LIPEZ, Circuit Judge.

John Hancock Life Insurance Company and two of its subsidiaries (collectively “Hancock”) contracted with Abbott Laboratories (“Abbott”) to join in financing the development of some pharmaceutical compounds. In exchange, Abbott promised to share with Hancock any profits the compounds would generate. It soon became apparent that a number of the compounds had no good prospect of commercial success. Abbott scaled back and delayed its planned investment in the joint project. Arguing that Abbott had failed to uphold its part of the bargain, Hancock stopped contributing funds altogether. Hancock then sued for a declaratory judgment, asking the district court to rule that, under the contract between the parties, Abbott’s delayed investment allowed Hancock to terminate its payments but retain its share of any future profits. Abbott countersued, arguing that the contract explicitly allowed it to delay its contributions to the project. The parties consented to have the district court decide the case on the papers submitted, and, on cross motions, the district court entered judgment for Hancock. Abbott appeals, essentially arguing that the district court incorrectly construed the contract. We affirm.

I.

We discuss the contract between Hancock and Abbott and then their course of dealings. We leave some details for discussion in connection with Abbott’s appellate arguments.

A. The contract

In 1999, Hancock and Abbott began negotiating the joint venture at issue. While the specifics evolved through 40 contract drafts, the basics of the final agreement are relatively simple. Abbott and Hancock would select a “basket” of research compounds that Abbott had identified as possible pharmaceutical products and that Hancock thought were promising. Hancock would contribute multiple millions each year for four consecutive years towards the development of these corn- *3 pounds. Abbott would spend at least 1.86 times as much as Hancock over this initial period of development. The parties would share any profits from the compounds for roughly fifteen years from the contract’s inception, and Abbott would pay Hancock set amounts when the joint project accomplished certain development or regulatory goals. In short, Hancock agreed to provide substantial start-up investment for the project, and Abbott agreed to match that investment.
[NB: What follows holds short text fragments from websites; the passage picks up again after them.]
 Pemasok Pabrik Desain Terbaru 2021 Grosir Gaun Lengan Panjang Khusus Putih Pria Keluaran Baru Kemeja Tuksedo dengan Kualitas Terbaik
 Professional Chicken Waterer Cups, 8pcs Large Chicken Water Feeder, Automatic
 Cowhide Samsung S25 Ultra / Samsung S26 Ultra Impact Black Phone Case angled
Because Hancock would share profits only for a set number of years, it stood to gain if the compounds were developed quickly (and if they turned out to be useful) and stood to lose if development were delayed (or if the compounds were unsuccessful).
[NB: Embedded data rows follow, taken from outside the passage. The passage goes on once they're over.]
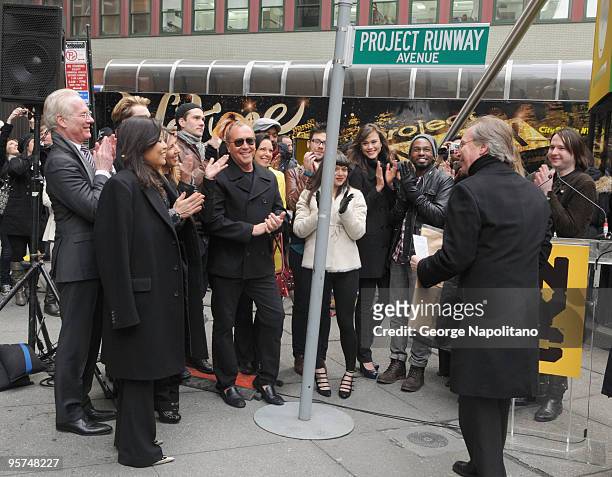 Andrea Wong, CEO and President of Lifetime Networks, Tim Gunn, Michael Kors and Nina Garcia attend the Project Runway Avenue temporary street...
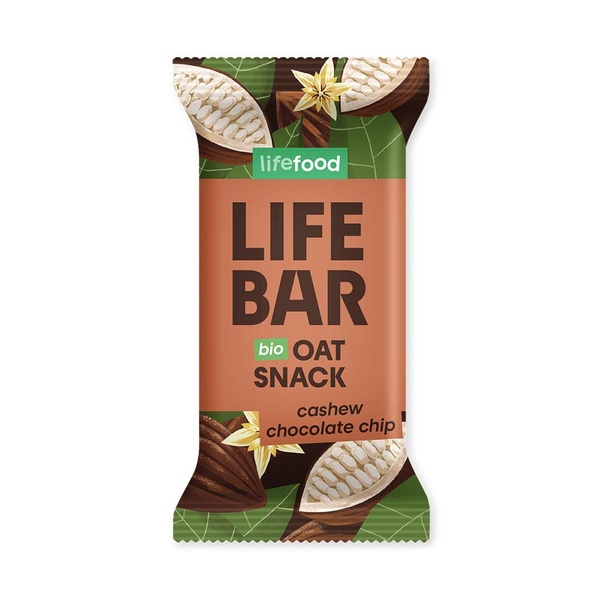 Lifefood Lifebar Oat Snack s kousky čokolády a kešu BIO 40g - 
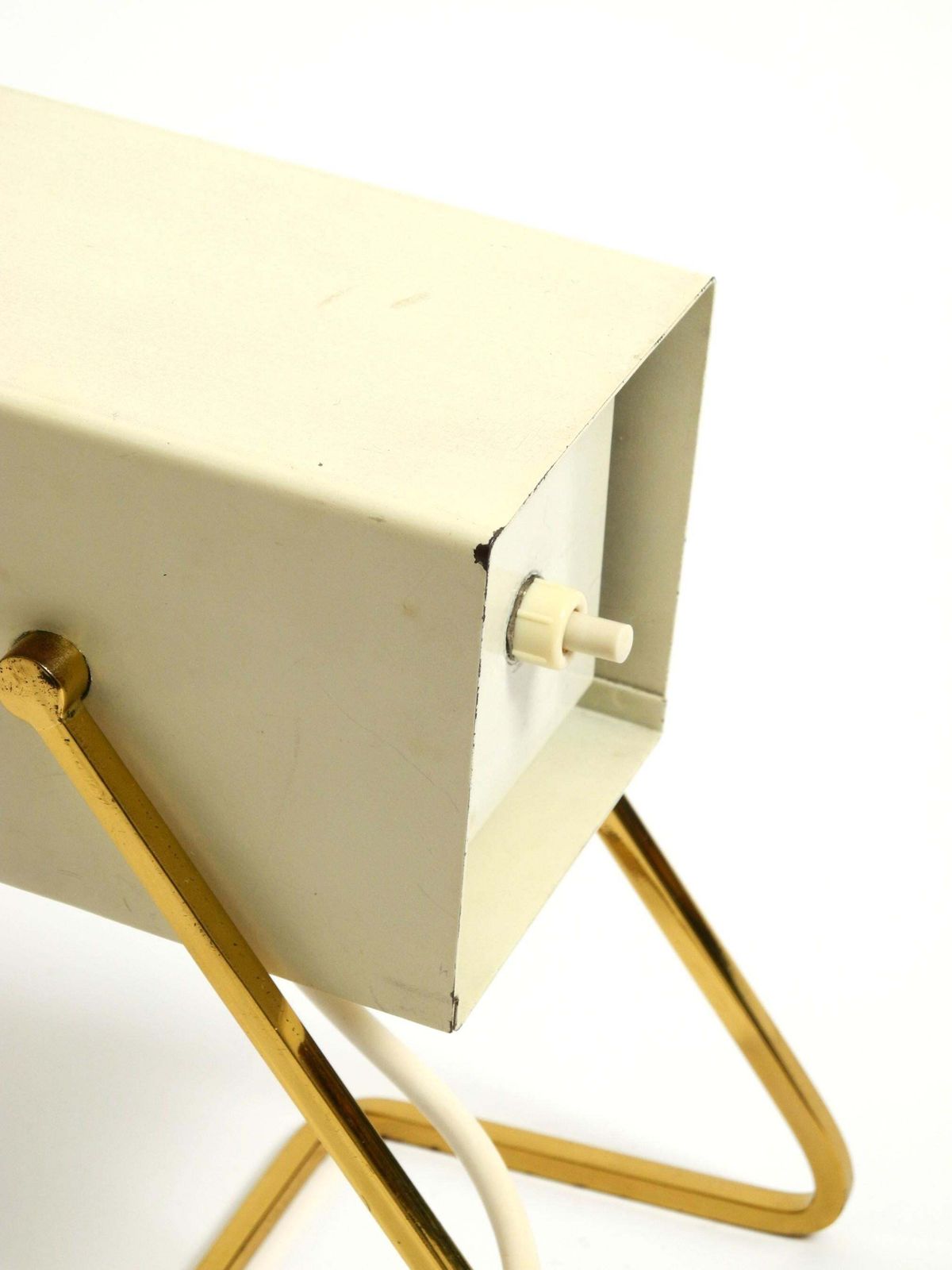 photo for sale Great Mid Century Modern Metal Bedside Lamp With Brass Base By Kaiser Leuchten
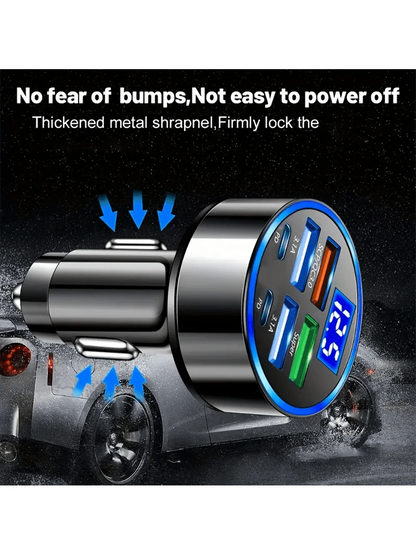 6pcs Car Charger Adapter Blocks With 3-In-1 Braided Charging Cables, Compatible With IPhone, Car Charging Set
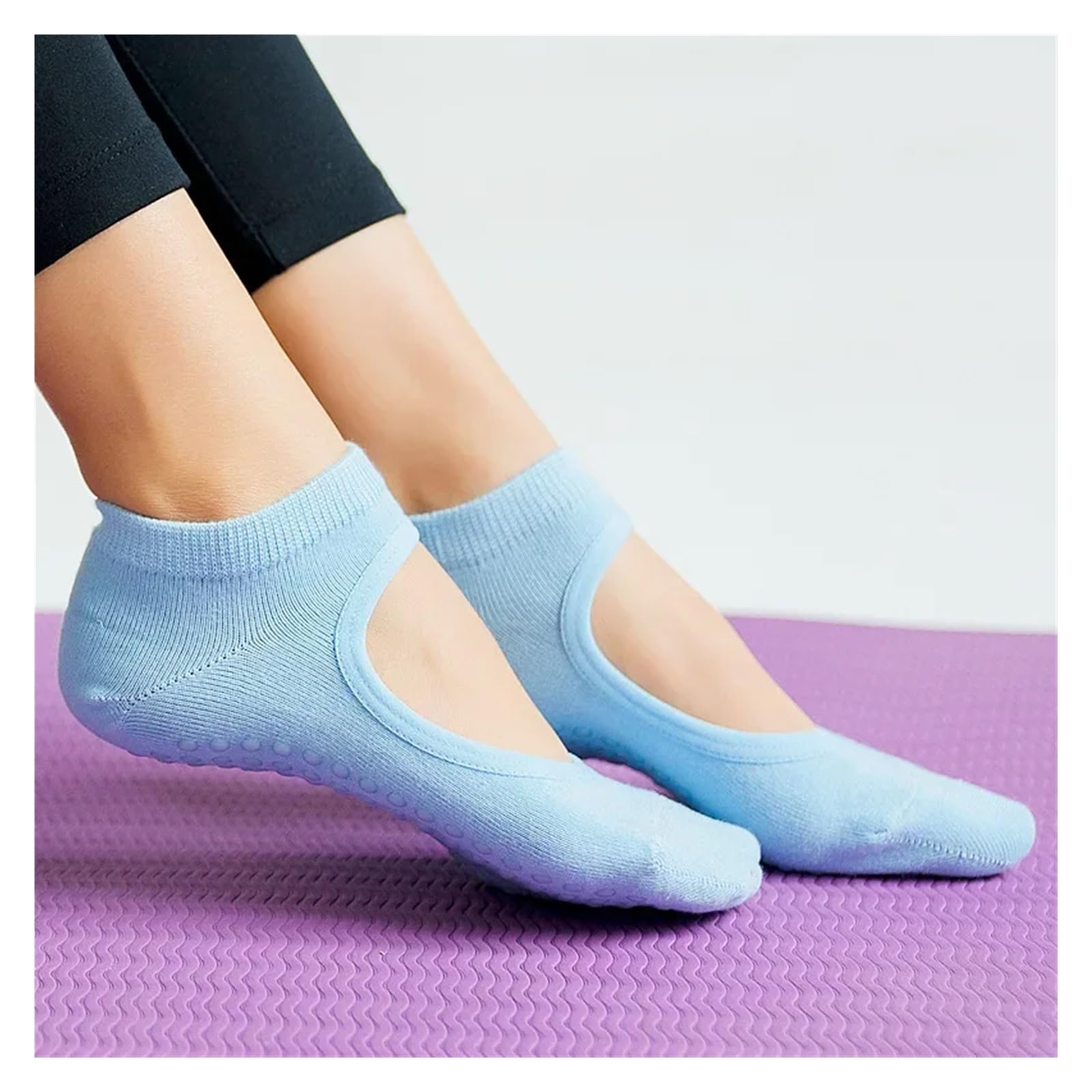 Calcetines De Yoga For Mujer, Calcetines De Pilates For Mujer, Tobillo Sin Espalda, Transpirables, Antideslizantes, Calcetines Deportivos De Baile De Ballet For Fitness Y Gimnasio Para Yoga Pilates Gi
For our purposes, the final contract between the parties, which was signed on March 13, 2001, can be summarized.

• The parties agreed to partner in the development of a basket of compounds, with each compound thought to have a potential pharmaceutical use.
• Hancock agreed to reimburse multiple millions of Abbott’s spending on the joint project in four multiple million dollar payments — one for each year 2001 through 2004.
• Abbott agreed to provide an additional annual minimum contribution of un-re-imbursed funds to the project in each of the four years.
• Abbott also agreed that its and Hancock’s combined spending on the project would be “at least” the Aggregate Spending Target over the “Program Term,” which the contract defined as “a period of four (4) consecutive Program Years.” 1 In other words, by December 31, 2004, Abbott would provide approximately two-thirds of the Aggregate Spending Target to the project above and beyond the one-third of the Aggregate Spending Target that Hancock promised to contribute.
• Abbott was “permitted” to “change its funding obligations [] only as follows”:
(a) If Abbott expended Hancock’s yearly contribution during a “Program Year” but did not contribute its annual minimum contribution of its own un-reimbursed funds, Abbott could “carryover” its obligation to the following year. The balance of Abbott’s yearly obligation, termed the “Annual Carryover Amount,” would be added to Abbott’s minimum contribution for the “subsequent Program Year.” If Abbott carried over its contribution, Hancock’s obligations for the “subsequent Program Year” would be suspended until Abbott spent the “Annual Carryover Amount.”
(b) If Abbott did not spend the entire Aggregate Spending Target “during the Program Term,” it could “carryover” the balance to the “subsequent year commencing immediately after the end of the Program Term.” If there was such a carryover, the difference between the Aggregate Spending Target and the amount actually spent by the end of the “Program Term” would be called the “Aggregate Carryover Amount.”
• Abbott would update Hancock at least yearly about the project, providing an “Annual Research Plan” with a budget for future spending. Abbott would also provide yearly “Status Reports” stating the company’s spending on the joint project so far. Hancock’s payments were *4 due 30 days after receiving these documents.
• In certain enumerated circumstances, including if Abbott “does not demonstrate in its Annual Research Plan its intent and reasonable expectation” to spend at least the Aggregate Spending Target in joint funds on the project “during the Program Term,” Hancock’s funding obligations would terminate but the rest of the contract (detailing how the parties would share profits) would remain in effect.
• Even if one of the enumerated terminable events came to pass and Hancock’s payment obligations were cancelled, Hancock would still have to pay its contributions for the year in which the terminable event took place.

B. The parties’ dealings

Abbott’s first “Annual Research Plan” was appended to the final contract, which was executed on March 13, 2001. It called for total project spending almost double the Aggregate Spending Target by the end of 2004. Under this plan, Abbott would spend many millions of dollars of its own funds, or roughly five times as much as Hancock, through the end of 2004. During 2001, Abbott decided to halt development of some compounds. In November, Abbott sent Hancock a document titled “2002 Preliminary Annual Research Plan,” which called for total spending of less than Abbott’s first Annual Research Plan but more than the Aggregate Spending Target through 2004. In December, Abbott sent the “2001 Status Report” on the year’s spending, revealing that spending on the project would total multiple millions less by year’s end (compared to the amount that had been planned). Abbott’s cover letter for the “2001 Status Report” stated that Hancock’s 2001 payment was due in 30 days, an indication that Abbott believed its contractual obligations for the year had been satisfied.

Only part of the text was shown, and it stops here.